Amazingly enough, Bitcoin, known for its price volatility, has been ranging about the $3,800 price point within tight boundaries for all of 2019. Yes, it has dipped a bit and made a run over $4,200, but for this crypto heavyweight, settling into a tight trading range is, for want of a better word, peculiar. As Bitcoin hovers, all manner of opinions regarding its long-tern viability have surfaced in social media and the financial press. For Bitcoin haters like Warren Buffett, Jamie Dimon, and the rest of their Wall Street “posse”, the belief is simple – “Things will end badly.” Another set of investment gurus, however, is finding that a vast majority of their brethren believe in the inevitability of Bitcoin.
As some have already explained, the issue gets down to what is called the “store of value story” that can only gain credence as governments continue to borrow and inflate their respective money supplies:
Bitcoin’s scarcity leads to people wanting to hold it.
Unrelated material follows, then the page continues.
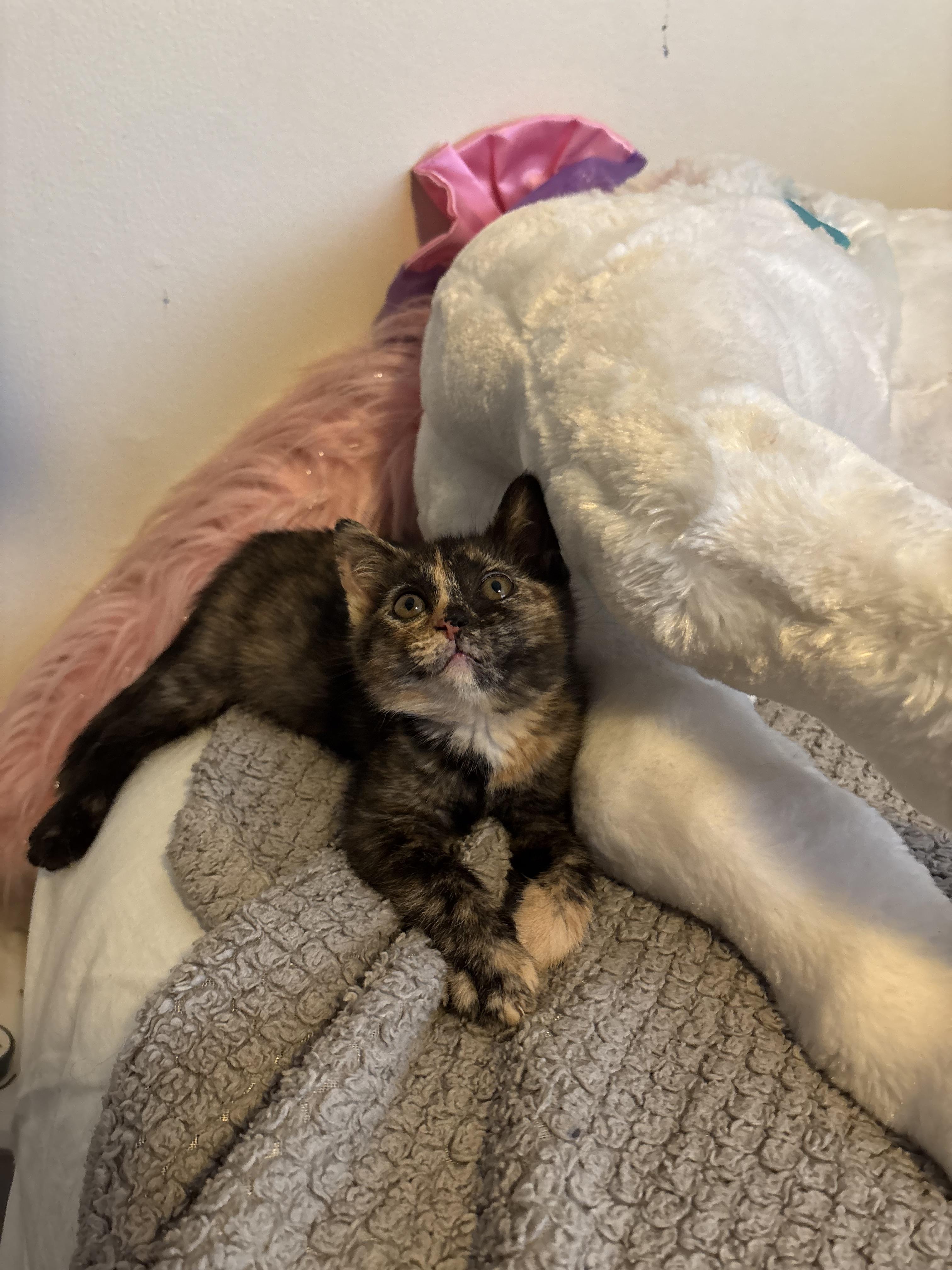 Toffee, Adoptable, Kitten Female Domestic Short Hair.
This leads to price appreciation, which leads to others wanting to hold it. Bitcoin is the only asset on earth whose supply cannot be increased due to increased demand, making it the only asset where your holdings are not diluted. This is the store of value story, and over time the store of value story grows silently bit by bit.
Waren Buffett has never understood Bitcoin or why anyone would invest in it, but then Mr. Buffett has never professed to understand Gold, another commodity that, yes, many other investors have grown to cherish over the years as a store of value and hedge against inflation. Inevitability will always be linked to public awareness in the long run, and even though cryptocurrencies have barely been with us for a mere decade, one recent UK survey produced surprising results. 93% of those canvassed were aware of Bitcoin, although a single-digit amount actually confessed to understanding the medium. A full 20% of the survey group, however, saw Bitcoin as a long-term inevitability.
One investment insider is a good bit more optimistic. Chris Burniske, a partner with Placeholder Ventures and former head of ARK Invest’s crypto branch, recently took to Twitter to inform the world of his general findings. In his position, he comes in contact with a vast variety of investors and investment management types that freely share their thoughts on the crypto ecosphere. From his recent interactions, he has concluded:
So yes, the tech is still early and we have a long ways to go. But the way in which the ideas are lingering in peoples’ minds is a great long-term indicator for crypto.
Travis Kling, a Wall Street hotshot at TD Ameritrade and soon to be chief investment officer at Ikigai Investments, is also positive about the long-term prospects of BTC. His take on the current undercurrents: “Bitcoin will surpass everyone’s expectations and grow into a globally accepted financial framework that is decentralized, cheap, time-effective and immune to unnecessary external pressure.” He cited government ineptitude and its dependence on debt and such programs as quantitative easing as only improving upon the long-term equation for Bitcoin’s eventual ascendance.
Lastly, Anthony Pompliano, a partner with Morgan Creek Digital, has been a Bitcoin enthusiast for years and sees an even larger role for cryptos in the future. He believes that at some point, and it may take quite a bit of time, but he sees every commodity as having a digital token form. His tweets were succinct:
Every stock, bond, currency, and commodity will be tokenized. Owning equity in infrastructure companies is ideal. Bitcoin to the moon. That’s my thesis. Never changed.